[Web page caption snippets]
──────────
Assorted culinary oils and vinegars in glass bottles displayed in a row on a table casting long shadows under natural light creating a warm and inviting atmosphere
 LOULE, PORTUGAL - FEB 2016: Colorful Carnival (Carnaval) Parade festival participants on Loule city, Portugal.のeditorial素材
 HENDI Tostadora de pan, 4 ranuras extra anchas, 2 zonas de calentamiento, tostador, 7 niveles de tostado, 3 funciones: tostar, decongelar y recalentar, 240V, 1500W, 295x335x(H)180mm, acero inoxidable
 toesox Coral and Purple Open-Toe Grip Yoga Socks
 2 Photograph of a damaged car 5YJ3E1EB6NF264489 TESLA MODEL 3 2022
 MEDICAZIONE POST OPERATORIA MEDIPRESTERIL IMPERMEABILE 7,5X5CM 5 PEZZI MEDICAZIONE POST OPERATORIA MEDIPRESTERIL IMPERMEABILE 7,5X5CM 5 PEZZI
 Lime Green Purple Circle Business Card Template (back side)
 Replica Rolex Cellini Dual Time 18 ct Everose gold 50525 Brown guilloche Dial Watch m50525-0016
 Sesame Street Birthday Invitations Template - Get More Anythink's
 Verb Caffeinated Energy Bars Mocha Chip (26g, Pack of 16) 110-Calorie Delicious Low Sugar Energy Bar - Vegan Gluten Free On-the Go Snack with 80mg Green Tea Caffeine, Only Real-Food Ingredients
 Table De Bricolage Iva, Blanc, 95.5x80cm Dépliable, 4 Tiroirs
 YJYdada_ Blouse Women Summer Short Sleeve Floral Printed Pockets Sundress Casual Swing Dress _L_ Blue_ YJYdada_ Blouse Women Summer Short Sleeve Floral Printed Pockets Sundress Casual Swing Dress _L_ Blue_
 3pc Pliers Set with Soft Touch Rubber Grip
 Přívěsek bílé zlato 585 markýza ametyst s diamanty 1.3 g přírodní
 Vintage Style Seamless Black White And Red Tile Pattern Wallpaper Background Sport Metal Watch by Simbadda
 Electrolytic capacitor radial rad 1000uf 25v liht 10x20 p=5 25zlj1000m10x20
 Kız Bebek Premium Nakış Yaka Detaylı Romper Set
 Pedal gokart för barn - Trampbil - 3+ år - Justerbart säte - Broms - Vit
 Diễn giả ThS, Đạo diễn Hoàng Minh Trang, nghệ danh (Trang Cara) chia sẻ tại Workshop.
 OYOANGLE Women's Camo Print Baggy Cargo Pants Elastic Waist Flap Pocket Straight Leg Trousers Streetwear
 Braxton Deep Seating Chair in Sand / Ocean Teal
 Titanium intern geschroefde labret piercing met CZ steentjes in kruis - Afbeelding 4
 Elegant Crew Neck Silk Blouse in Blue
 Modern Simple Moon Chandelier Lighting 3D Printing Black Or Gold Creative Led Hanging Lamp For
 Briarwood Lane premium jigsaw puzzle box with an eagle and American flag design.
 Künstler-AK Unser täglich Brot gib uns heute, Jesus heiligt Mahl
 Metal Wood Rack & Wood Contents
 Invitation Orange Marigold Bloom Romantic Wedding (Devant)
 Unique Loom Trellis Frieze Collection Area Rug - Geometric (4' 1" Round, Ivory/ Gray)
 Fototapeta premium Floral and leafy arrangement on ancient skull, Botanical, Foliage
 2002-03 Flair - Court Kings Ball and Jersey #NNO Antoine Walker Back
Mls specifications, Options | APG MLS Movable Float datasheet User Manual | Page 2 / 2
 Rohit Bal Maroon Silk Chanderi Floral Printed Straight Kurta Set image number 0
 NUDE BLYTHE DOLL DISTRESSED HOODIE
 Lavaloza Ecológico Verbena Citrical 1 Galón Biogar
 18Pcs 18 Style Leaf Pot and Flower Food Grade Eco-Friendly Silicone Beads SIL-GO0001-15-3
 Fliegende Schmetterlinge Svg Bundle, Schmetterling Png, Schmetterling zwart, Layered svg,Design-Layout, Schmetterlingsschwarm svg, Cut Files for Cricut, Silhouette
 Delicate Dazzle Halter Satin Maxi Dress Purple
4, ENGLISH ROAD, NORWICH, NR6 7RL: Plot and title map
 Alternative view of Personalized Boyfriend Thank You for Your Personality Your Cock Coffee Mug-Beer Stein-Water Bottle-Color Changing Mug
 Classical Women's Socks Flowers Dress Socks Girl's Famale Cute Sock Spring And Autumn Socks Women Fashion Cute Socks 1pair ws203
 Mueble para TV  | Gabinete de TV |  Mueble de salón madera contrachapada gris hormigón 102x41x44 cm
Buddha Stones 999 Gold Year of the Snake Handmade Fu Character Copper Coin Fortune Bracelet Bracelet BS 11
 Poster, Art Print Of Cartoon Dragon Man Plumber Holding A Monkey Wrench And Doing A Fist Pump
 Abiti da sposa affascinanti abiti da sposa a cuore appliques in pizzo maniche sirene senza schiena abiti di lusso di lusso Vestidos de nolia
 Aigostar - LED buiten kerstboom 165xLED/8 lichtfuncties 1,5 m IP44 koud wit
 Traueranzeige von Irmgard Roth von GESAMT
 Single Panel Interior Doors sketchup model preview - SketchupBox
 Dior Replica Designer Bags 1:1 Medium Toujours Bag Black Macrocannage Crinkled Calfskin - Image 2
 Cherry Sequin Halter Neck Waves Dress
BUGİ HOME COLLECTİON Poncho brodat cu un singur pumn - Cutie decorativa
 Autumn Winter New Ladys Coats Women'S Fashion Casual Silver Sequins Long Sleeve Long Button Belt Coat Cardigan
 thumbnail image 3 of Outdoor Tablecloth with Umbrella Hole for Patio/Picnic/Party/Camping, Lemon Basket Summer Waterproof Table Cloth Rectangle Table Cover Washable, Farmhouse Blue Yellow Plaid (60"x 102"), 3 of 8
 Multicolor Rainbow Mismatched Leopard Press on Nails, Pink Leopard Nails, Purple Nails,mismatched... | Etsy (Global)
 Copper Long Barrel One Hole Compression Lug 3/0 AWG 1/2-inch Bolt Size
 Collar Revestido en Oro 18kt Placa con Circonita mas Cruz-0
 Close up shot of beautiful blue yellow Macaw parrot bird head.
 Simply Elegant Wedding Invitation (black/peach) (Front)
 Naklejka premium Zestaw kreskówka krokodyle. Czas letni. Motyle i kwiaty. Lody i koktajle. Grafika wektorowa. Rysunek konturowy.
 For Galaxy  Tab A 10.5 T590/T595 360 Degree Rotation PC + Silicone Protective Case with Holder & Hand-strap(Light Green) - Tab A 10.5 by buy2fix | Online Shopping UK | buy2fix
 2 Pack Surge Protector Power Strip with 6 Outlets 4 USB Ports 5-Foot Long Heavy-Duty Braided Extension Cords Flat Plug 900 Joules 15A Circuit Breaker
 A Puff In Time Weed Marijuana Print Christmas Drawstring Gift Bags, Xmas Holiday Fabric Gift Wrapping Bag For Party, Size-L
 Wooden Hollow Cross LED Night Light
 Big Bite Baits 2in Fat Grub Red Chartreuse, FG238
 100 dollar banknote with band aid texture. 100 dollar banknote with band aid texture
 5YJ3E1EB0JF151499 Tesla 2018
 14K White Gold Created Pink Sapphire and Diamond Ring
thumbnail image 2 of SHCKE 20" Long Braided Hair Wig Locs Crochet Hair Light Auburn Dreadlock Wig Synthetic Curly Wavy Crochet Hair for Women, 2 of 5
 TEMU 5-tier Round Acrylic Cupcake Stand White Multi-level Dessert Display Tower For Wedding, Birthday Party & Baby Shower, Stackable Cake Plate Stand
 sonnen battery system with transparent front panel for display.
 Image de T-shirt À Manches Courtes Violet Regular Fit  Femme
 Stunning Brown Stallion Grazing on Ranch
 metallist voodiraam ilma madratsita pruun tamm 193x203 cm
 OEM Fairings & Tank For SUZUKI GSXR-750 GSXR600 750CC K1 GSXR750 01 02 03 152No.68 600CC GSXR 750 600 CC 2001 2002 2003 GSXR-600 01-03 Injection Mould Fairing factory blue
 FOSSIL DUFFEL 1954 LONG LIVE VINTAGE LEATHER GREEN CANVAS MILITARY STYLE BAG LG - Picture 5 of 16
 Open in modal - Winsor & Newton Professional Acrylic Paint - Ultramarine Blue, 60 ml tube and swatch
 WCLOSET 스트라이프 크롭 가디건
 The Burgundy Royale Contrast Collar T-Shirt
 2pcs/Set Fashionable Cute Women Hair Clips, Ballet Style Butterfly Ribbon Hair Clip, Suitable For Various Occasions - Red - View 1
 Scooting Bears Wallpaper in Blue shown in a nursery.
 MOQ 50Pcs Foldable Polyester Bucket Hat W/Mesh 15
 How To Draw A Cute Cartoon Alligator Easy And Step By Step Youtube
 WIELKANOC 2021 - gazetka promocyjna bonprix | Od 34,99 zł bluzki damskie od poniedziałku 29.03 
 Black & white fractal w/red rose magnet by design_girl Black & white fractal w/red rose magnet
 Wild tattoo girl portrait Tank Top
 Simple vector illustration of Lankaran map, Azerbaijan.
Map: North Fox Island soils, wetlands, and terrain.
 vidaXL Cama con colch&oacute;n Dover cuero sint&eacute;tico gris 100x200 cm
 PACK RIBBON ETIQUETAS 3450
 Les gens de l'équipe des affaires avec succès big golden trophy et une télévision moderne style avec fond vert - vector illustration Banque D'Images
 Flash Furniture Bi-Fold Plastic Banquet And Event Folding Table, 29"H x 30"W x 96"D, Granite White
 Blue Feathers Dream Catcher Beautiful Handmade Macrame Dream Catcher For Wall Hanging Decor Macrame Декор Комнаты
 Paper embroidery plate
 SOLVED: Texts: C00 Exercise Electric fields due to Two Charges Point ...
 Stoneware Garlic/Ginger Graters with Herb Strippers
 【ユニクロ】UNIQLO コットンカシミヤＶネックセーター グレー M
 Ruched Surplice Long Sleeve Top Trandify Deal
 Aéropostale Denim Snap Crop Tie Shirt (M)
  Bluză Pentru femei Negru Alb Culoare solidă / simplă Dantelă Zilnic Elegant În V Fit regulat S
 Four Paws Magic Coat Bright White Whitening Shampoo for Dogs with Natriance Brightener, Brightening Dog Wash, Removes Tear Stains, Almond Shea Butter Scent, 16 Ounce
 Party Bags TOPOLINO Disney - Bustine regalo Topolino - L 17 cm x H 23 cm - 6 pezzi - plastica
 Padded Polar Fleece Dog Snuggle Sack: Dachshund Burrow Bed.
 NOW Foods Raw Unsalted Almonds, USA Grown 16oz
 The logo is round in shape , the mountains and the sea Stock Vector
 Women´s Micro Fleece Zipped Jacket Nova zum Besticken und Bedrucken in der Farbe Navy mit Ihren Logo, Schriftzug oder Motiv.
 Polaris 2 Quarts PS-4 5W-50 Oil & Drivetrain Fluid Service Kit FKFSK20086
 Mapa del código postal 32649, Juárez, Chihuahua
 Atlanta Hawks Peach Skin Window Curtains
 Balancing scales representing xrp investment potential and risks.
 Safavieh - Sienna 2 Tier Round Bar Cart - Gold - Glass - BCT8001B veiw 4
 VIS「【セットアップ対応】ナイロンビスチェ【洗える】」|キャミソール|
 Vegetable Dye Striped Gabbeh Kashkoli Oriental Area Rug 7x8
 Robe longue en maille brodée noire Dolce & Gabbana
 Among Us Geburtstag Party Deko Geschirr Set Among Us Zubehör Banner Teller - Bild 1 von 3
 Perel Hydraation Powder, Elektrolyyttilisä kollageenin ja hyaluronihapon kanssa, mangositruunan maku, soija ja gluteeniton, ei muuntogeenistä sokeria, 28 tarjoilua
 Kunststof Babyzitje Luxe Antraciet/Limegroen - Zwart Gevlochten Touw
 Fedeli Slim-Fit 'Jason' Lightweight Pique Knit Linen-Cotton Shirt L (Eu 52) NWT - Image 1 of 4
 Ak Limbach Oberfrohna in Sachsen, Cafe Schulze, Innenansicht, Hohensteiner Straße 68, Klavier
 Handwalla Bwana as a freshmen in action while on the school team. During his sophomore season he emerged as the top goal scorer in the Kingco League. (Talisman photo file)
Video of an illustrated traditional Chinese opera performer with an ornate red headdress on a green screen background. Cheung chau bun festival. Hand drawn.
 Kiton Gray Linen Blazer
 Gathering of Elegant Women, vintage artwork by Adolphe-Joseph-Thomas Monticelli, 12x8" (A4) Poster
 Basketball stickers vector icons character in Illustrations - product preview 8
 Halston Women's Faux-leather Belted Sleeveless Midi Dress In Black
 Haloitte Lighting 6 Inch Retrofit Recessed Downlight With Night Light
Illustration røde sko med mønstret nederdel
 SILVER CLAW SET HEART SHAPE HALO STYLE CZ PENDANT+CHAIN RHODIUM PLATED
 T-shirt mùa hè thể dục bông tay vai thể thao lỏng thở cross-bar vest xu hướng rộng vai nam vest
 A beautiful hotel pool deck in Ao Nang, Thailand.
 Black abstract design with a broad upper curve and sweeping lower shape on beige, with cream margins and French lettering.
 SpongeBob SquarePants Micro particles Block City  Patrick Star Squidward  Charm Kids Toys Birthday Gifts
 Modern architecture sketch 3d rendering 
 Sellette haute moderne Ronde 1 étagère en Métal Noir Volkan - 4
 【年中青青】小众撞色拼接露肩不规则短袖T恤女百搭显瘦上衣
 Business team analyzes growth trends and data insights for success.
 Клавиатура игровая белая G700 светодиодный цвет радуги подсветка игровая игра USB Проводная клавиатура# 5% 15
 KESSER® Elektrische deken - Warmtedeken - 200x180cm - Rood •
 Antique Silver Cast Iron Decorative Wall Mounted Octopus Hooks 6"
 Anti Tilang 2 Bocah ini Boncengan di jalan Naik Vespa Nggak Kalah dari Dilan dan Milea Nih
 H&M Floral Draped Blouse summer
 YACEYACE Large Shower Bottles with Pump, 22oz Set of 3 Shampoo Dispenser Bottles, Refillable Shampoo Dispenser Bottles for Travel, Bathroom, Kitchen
──────────
EXERCISE AIM =
Please reproduce, exactly as they appear above, the lines from the line containing "NOW Foods Raw" up to and including the line containing "Video of an".

SOLUTION BELOW =
 NOW Foods Raw Unsalted Almonds, USA Grown 16oz
 The logo is round in shape , the mountains and the sea Stock Vector
 Women´s Micro Fleece Zipped Jacket Nova zum Besticken und Bedrucken in der Farbe Navy mit Ihren Logo, Schriftzug oder Motiv.
 Polaris 2 Quarts PS-4 5W-50 Oil & Drivetrain Fluid Service Kit FKFSK20086
 Mapa del código postal 32649, Juárez, Chihuahua
 Atlanta Hawks Peach Skin Window Curtains
 Balancing scales representing xrp investment potential and risks.
 Safavieh - Sienna 2 Tier Round Bar Cart - Gold - Glass - BCT8001B veiw 4
 VIS「【セットアップ対応】ナイロンビスチェ【洗える】」|キャミソール|
 Vegetable Dye Striped Gabbeh Kashkoli Oriental Area Rug 7x8
 Robe longue en maille brodée noire Dolce & Gabbana
 Among Us Geburtstag Party Deko Geschirr Set Among Us Zubehör Banner Teller - Bild 1 von 3
 Perel Hydraation Powder, Elektrolyyttilisä kollageenin ja hyaluronihapon kanssa, mangositruunan maku, soija ja gluteeniton, ei muuntogeenistä sokeria, 28 tarjoilua
 Kunststof Babyzitje Luxe Antraciet/Limegroen - Zwart Gevlochten Touw
 Fedeli Slim-Fit 'Jason' Lightweight Pique Knit Linen-Cotton Shirt L (Eu 52) NWT - Image 1 of 4
 Ak Limbach Oberfrohna in Sachsen, Cafe Schulze, Innenansicht, Hohensteiner Straße 68, Klavier
 Handwalla Bwana as a freshmen in action while on the school team. During his sophomore season he emerged as the top goal scorer in the Kingco League. (Talisman photo file)
Video of an illustrated traditional Chinese opera performer with an ornate red headdress on a green screen background. Cheung chau bun festival. Hand drawn.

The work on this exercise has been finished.